Richard Moross is bringing paper back into fashion.
It’s hard not to be impressed the first time you’re handed a Moo business card.
The weight of the paper, elegant typefaces and embossed lettering… you instinctively take its owner very seriously.
Moo has long been loved by entrepreneurs and small businesses across London’s tech scene, a stylish way of punching above their weight, and in recent years Airbnb, Indiegogo and even some divisions at Google have turned to Moo.
And despite being the age of the sharing economy, digital banking and artificial intelligence, Moo’s paper cards play into a trend going in the exact opposite direction.
Our love of the physical.
“Printing is an amazing industry. It’s been around for hundreds of years. It’s a very family-oriented business, but I wouldn’t say it’s very technically progressive,” Richard Moross, Moo’s CEO, founder and a self-proclaimed technologist, told The Memo.
“We’re all about unleashing your desire to self-express and to talk about your business in a more dynamic, personal way.”
That sounds like marketing, but it’s exactly what Moo’s done over the last decade.
Moross’s earliest innovations were technologies like Printfinity, which lets you have a different image or graphic on the back of every business card.

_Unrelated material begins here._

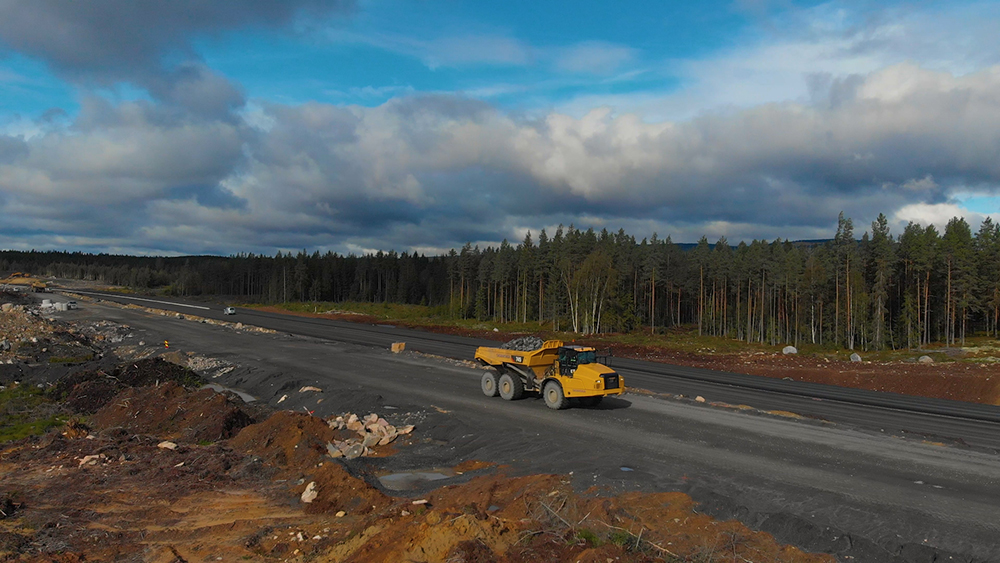 Norway Riksvei 3/25 Highway Project connecting the town of Oslo to Trondheim. Read full story: https://www.digitalconstructionworks.com/solutions/case-studies/norways-biggest-road/ Norway Riksvei 3/25 Highway Project connecting the town of Oslo to Trondheim. Read full story: https://www.digitalconstructionworks.com/solutions/case-studies/norways-biggest-road/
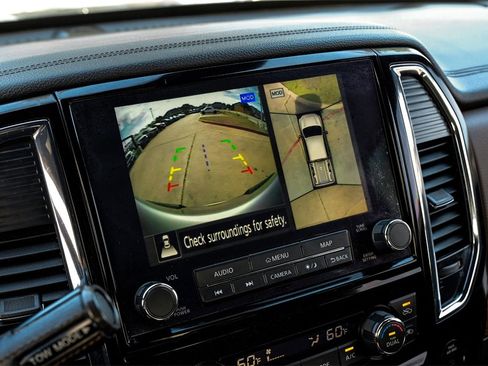 Used 2020 Nissan Titan Platinum Reserve w/ Moonroof Package image 20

He’s experimented with near-field communication (NFC) chips embedded in the paper of cards to let you store your contact details digitally and let recipients simply swipe your card against their Android smartphone – an experiment that Moross says hasn’t yet taken off.
Most recently his team developed cotton cards, a novel concept made from the recycled off-cuts from t-shirts, printed from Moo’s vast warehouse in Dagenham.

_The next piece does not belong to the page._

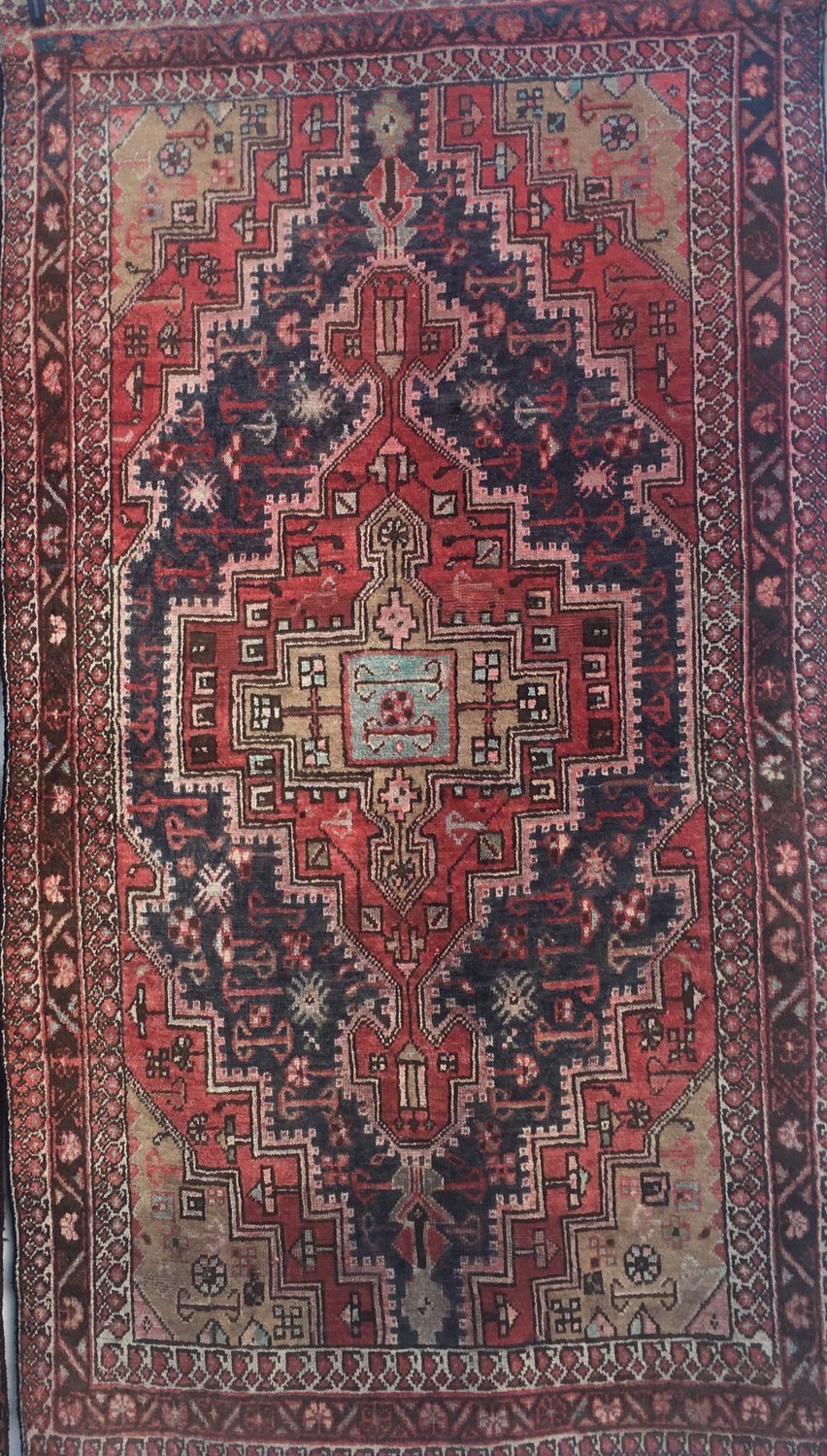 Hamadan Antique 239 x 132 cm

Yes, in 2017 tech-savvy entrepreneurs are investing in business cards made from t-shirts – bang-on trend for a more sustainable future.

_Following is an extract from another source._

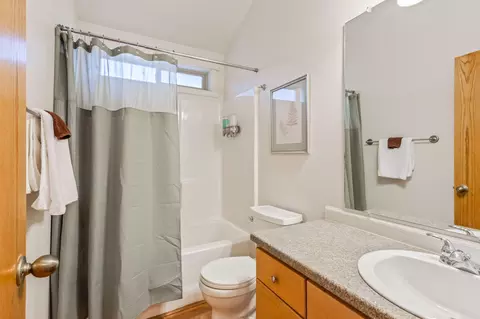Bath - 17046 Cooper Dr, Bend, OR 97707 photo 7 of 7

But doesn’t this go against common wisdom, that our lives are becoming increasingly digital?
“I think in this environment, physical tokens are actually more important,” says Moross.
“These are totems of our self, our identity. They cut through all of that digital noise.”
Moross won’t be drawn on Moo’s sales numbers, but he says that across the business card market “it’s entirely possible that, in number, they’re shrinking, but the value or amount spend per card is actually going up.”
He’s right that business cards have yet to be replaced by technology, a card in the hand is still quicker and often more impactful than any app or social network.
Right now Moross says he believes the longevity of paper business cards could simply be “forever”.
“The physical item will be considered the premium. Maybe it’s not the thing you use every day, but it’s still an extremely valuable experience we’ll use when we want to do something special.”
So don’t despair that digital is dominating, because physical is finding its own special place in our lives.